Cross-vocabulary taxonomy hierarchies

💬 4

Part 2 of "making taxonomy work my way".

In part 1 of this series, we examined a few of the bugs in the breadcrumb generation mechanisms employed by Drual's taxonomy system. We didn't really implement anything new: we just patched up some of the existing functionality so that it worked better. Our 'test platform' for Drupal now boasts beautiful breadcrumbs - both for nodes and for terms - that reflect a master taxonomy hierarchy quite accurately (as they should).

Now, things are going to start getting more serious. We're going to be adding a new custom table to Drupal's database structure, putting some data in it, and changing code all over the place in order to use this new data. The result of this: a cross-vocabulary hierarchy structure, in which a term in one vocab may have a 'distant parent' in another one.

Before you read on, though, please be aware that I'm assuming you've already read and (possibly) implemented what was introduced in part 1, basic breadcrumbs and taxonomy. I will be jumping in right at the deep end in this article. There is no sprawling introduction, no guide to setting up your clean Drupal installation, and no instructions on adding categories and content. Basically, if you're planning on doing the stuff in this article, you should have already done all the stuff in the previous one: and that includes the patches to taxonomy and taxonomy_context, because the patches here are dependant on those I've already demonstrated.

Still here? Glad to have you, soldier hacker. OK, our goal in this tutorial is to allow a term in one vocabulary to have a 'distant parent' in another one. Our changes cannot break the existing system, which relies on the top-level term(s) in any vocabulary having a parent ID of 0 (i.e. having no parent): seeing that we will have to give some top-level terms an actual (i.e. non-zero) parent ID, in order to achieve our goal, things could get a bit tricky if we're not careful. Once we've implemented such a system, we want to see it being reflected in our breadcrumbs: that is, we want breadcrumbs that at times span more than one vocabulary.

But... why?

Why do we need to be able to link together terms in different vocabularies, you ask? We can see why by looking at what we've got now in our current Drupal test system. At the moment, there are two vocabularies: Sections (which has a top-level term posts, and news, which is a child of posts); and News by priority (which also has a top-level term - browse by priority - and a child term important). So this is our current taxonomy hierarchy:

(Sections) Posts -> News
(News by priority) Browse by priority -> Important

But the term browse by priority is really a particular method of browsing news items. It only applies to news items, not to nodes categorised in any of the other terms in Sections. So really, our hierarchy should be like this:

(Sections) Posts -> News -> (News by priority) Browse by priority -> Important

Once we've changed the hierarchy so that it makes more sense, the potential next step becomes obvious.

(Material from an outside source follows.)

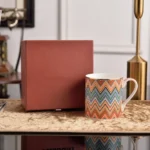 Luxury Home Coffee Set Complete with Espresso Cups Saucers Tea Mugs Plates Bowls Dessert Dishes Tableware Ceramic Cup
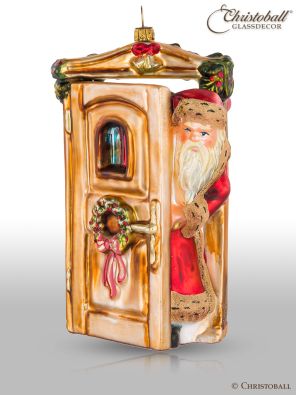 Weihnachtsform - Weihnachtsmann an der Tür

We can make more vocabularies, and link them to the term news, and classify news items according to many different structures! For example:

Posts -> News -> Browse by priority -> Important
Posts -> News -> Browse by category -> Computer hardware
Posts -> News -> Browse by mood -> Angry
Posts -> News -> Browse by length -> Long and rambling

And so, by doing this, we really have achieved the best of both worlds: we can utilise the power of taxonomy exactly as it was designed to be utilised - for categorising nodes under many different vocabularies, according to many different criteria; plus, at the same time we can still maintain a single master hierarchy for the entire site! Cool, huh?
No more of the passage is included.